Section 3. Voting Rights . The holders of shares of Class A Preferred Stock shall have the following voting rights:

(A) Subject to the provision for adjustment hereinafter set forth, each share of Class A Preferred Stock shall entitle the holder thereof to 1000 votes on all matters submitted to a vote of the stockholders of the Corporation. In the event the Corporation shall at any time (i) declare any dividend on Common Stock payable in shares of Common Stock, (ii) subdivide the outstanding Common Stock, or (iii) combine the outstanding Common Stock into a smaller number of shares, then in each such case the number of votes per share to which holders of shares of Class A Preferred Stock were entitled immediately prior to such event shall be adjusted by multiplying such number by a fraction the numerator of which is the number of shares of Common Stock outstanding immediately after such event and the denominator of which is the number of shares of Common Stock that were outstanding immediately prior to such event.
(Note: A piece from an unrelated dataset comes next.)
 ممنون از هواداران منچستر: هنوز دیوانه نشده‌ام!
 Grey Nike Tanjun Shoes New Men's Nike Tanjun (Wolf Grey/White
(B) Except as otherwise provided herein or by law, the holders of shares of Class A Preferred Stock and the holders of shares of Common Stock shall vote together as one class on all matters submitted to a vote of stockholders of the Corporation.

(C) (i) If at any time dividends on any Class A Preferred Stock shall be in arrears in an amount equal to four (4) quarterly dividends thereon, the occurrence of such contingency shall mark the beginning of a period (herein called a “default period”) which shall extend until such time when all accrued and unpaid dividends for all previous quarterly dividend periods and for the current quarterly dividend period on all shares of Class A Preferred Stock then outstanding shall have been declared and paid or set apart for payment. During each default period, all holders of Preferred Stock (including holders of the Class A Preferred Stock) with dividends in arrears in an amount equal to four (4) quarterly dividends thereon, voting as a class, irrespective of series, shall have the right to elect two (2) Directors.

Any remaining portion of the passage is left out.